The 2nd half saw the reds continuing to pressure and when Mo Salah picked the ball up just over 20 yards out, his left footed effort going narrowly wide before Sadio Mane again failed to convert when he was in a great position thanks to a lovely pass by Roberto Firmino, failing to even trouble the Everton goalkeeper. He then had a chance from good hold up play by Mo Salah firing wide again and it looked like he may end up stealing the story once again.

Everton’s 1st substitution saw Theo Walcott replaced and I hadn’t even noticed that he was on the pitch until he was replaced by Ademola Lookman, who I hadn’t realized was no longer out on loan. The frustrations throughout the game grew as the referee repeatedly penalised Liverpool for shoulder charges and Jordan Pickford continued to forget the basic rules of football needing reminding on more than 1 occasion that from a goal kick, the ball must leave the area to a team mate.

Liverpool’s first substitution saw Naby Keita and the usual response from sections around me about why Fabinho wasn’t the one replaced told me enough that they must have been watching a different game because for me I thought he was having a great game and definitely looked good during the 1st half, winning the ball countless times. With Sturridge and Origi introduced for Firmino and Salah, it was clear that Klopp seemed to be hunting for goals of derbies past with both men having netted multiple times v the Blues. Origi showed his pace and in a run down the right and looking for Mane in the centre but as Seamus Coleman made a last ditch tackle it fell for a corner. As Virgil Van Dijk headed towards the goal, Origi ended up turning the ball onto the crossbar although from the vantage point of mine, it looked as if Van Dijk’s effort was going in and Origi had prevented it although the TV angle may say something different.

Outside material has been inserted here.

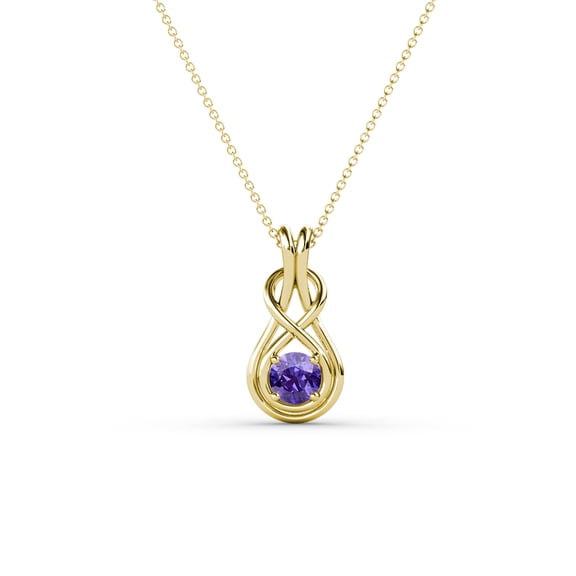 TriJewels Round Iolite Solitaire Infinity Love Knot Pendant Necklace in 10K Yellow Gold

As the chances came and went, I jokingly said to the guy next to me, it was all being set up for another Mane 90+4 winner like at Goodison 2 years ago, especially with Sadio being guilty of missing multiple chances and when the 4 minutes added time went up, anticipation grew that we were about to witness a grandstand finish. With scores of fans heading for the exits evidently forgetting the history of late winners in both the club and Merseyside derby matches, you just had to hope it was coming. Everton decided to try and be clever, making a late substitution following this and as time ebbed away, the referee took note to ensure sufficient time was allocated and it was that added time, where Liverpool would snatch victory.

After a coming together with Richarlison and Gomez, Evertonians decided to start sending missiles onto the pitch and then the recently introduced Kurt Zouma fouled Daniel Sturridge and as everybody bar Alexander-Arnold and Alisson went forward, it was now or never for Liverpool and as a blue flare went from the away section, seemingly celebrating a 0-0 draw, towards the disabled supporters section at the front of the Anfield Road stand, it was the Brazilian goalkeeper who charged towards the half way line and played the pass forward and Alexander-Arnold delivered a ball into the Everton area, the header cleared the ball but not far away and Van Dijk swiped at the ball and what followed seemed to unfold in slow-motion as the ball bounced off the bar away from Pickford’s grasp it fell to Divock Origi who caused absolute scenes in the Kop as he headed home to secure a priceless 3 points.

The jubilation in the Kop continued for several minutes and as the players came to applaud the supporters, there was one name ringing out, met with appreciation from the match winner himself. For Origi, one of his memories of the Merseyside Derby was his great run of form being halted by a disgusting challenge by Funes Mori. He may already have had Merseyside Derby goals to his name but none will come sweeter and for me, I’ve witnessed us pick up late winners and absolutely demolish Everton (4-0 on 2 occasions) but there’s nothing sweeter than picking up a victory in that fashion against those from across the park as their last victory on Anfield remains the opposite side of the millennium in 1999.